Так мне и надо было понять, что, конечно, меня за….. никто не судит, и Церковь нисколько не осуждает…… и нисколько не разлучает меня с…… а только она пугается это сделать вслух, громко, печатно, потому что «в последние времена уже нет Павлов, а Никандры с Иннокентиями». Потому что дар пророчества и первосвященничества редок, и он был редок и в первой церкви Ветхозаветной, и во второй Новозаветной. Аминь и мир.
* * *
3 ноября.
Все погибло, все погибло, все погибло.
Погибла жизнь. Погиб самый смысл ее.
Не усмотрел.
* * *
Так любил ее, что никак не мог перестать курить ночью. (Правда – пытался: но она сама говорила: «покури» – и тогда я опять разрешал.)
* * *
5 ноября
Ах, господа, господа, если бы мы знали все, как мы бедны…

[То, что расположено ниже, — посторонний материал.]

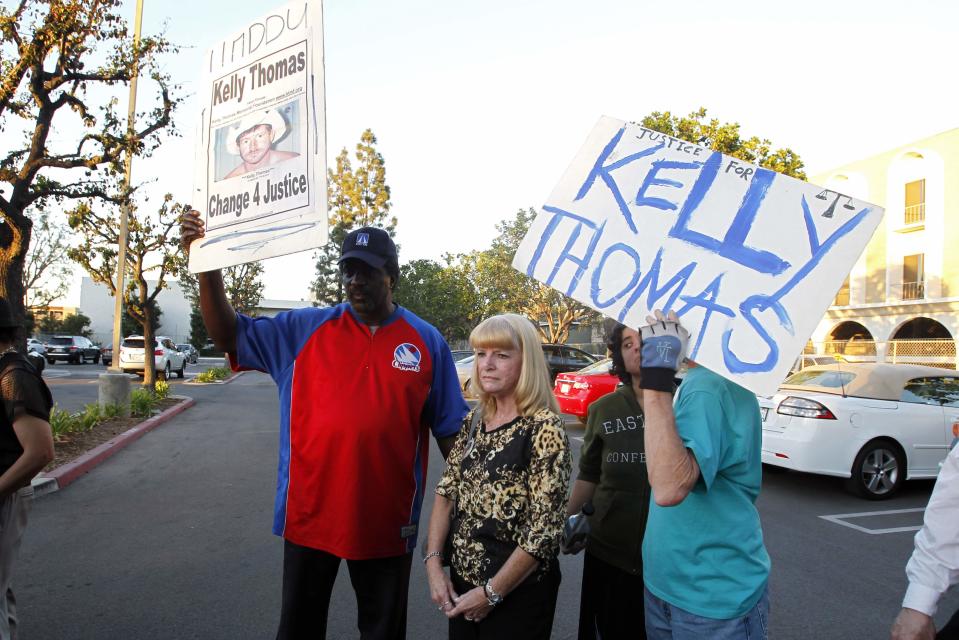 Cathy Thomas stands with supporters holding signs at a parking lot after speaking at a courthouse news conference on two former policemen being acquitted in the 2011 beating and stun-gun death of her son, in Santa Ana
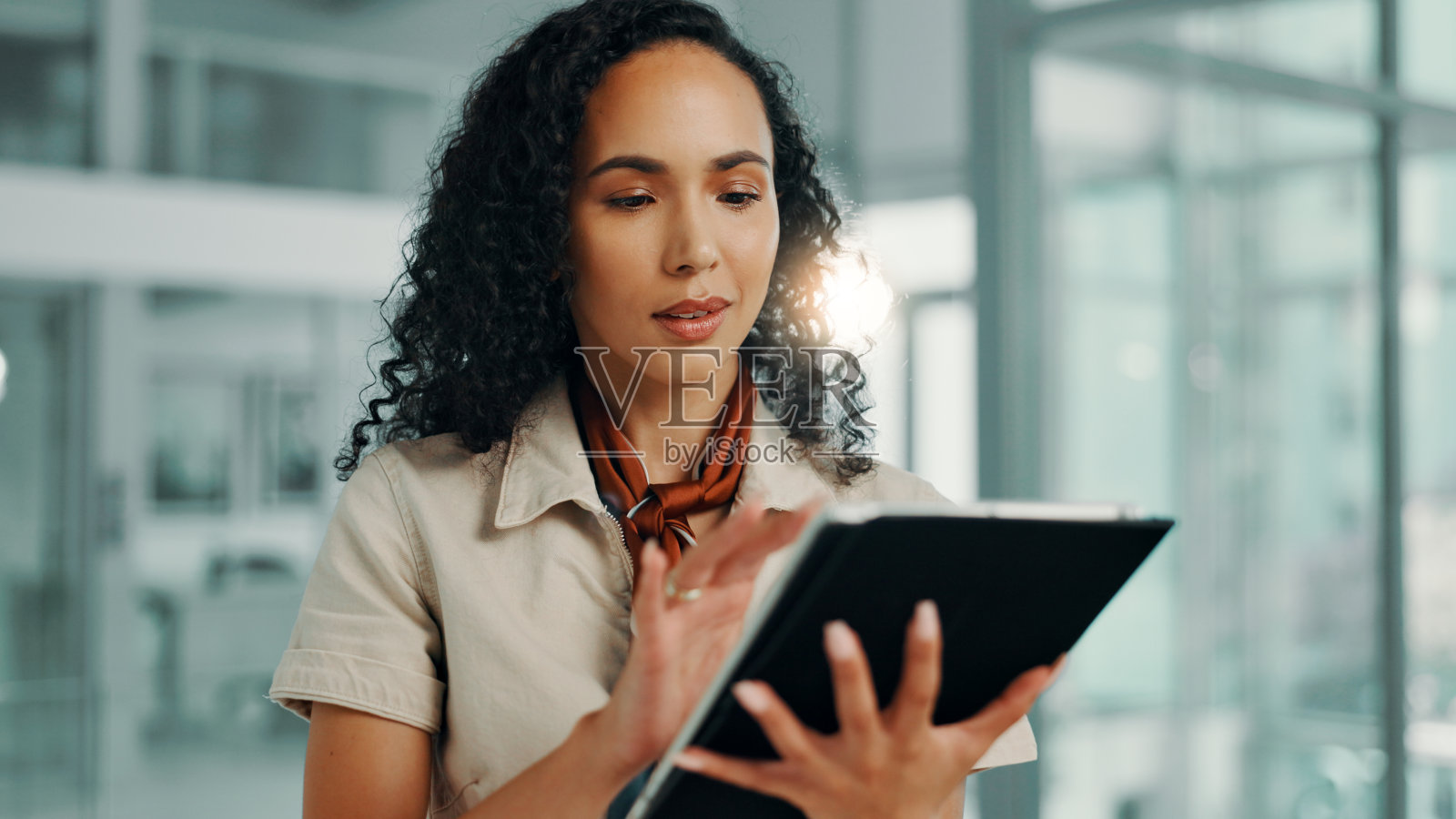 商务女性在办公室使用平板电脑进行时尚杂志、目录或应用的编辑工作。科技、互联网和在线工作者为创意初创公司设计趋势、安排日程或阅读电子邮件。照片摄影图片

Если бы знали, до чего мы убоги, жалки..
Какие мы «дарвинисты»: мы просто клячи, на которых бы возить воду.
Просто «собачонка из подворотни», чтобы беречь дом доброй хозяйки.
И она бросает нам кусок хлеба.
«Вот и Спенсер, и мы».
«И сочинения Огюста Конта, Милля и Спенсера, и женский вопрос» (читал гимназистом).
И «предисловие Цебриковой».
* * *
Родила червяшка червяшку.
Червяшка поползала.
Потом умерла.
Вот наша жизнь.
(3-й час ночи).
* * *
…выберите молитвенника за Землю Русскую. Не ищите (выбирая) мудрого, не ищите ученого. Вовсе не нужно хитрого и лукавого. А слушайте, чья молитва горячее – и чтобы доносил он к Богу скорби и напасти горькой земли нашей, и молился о ранах, и нес тяготы ее.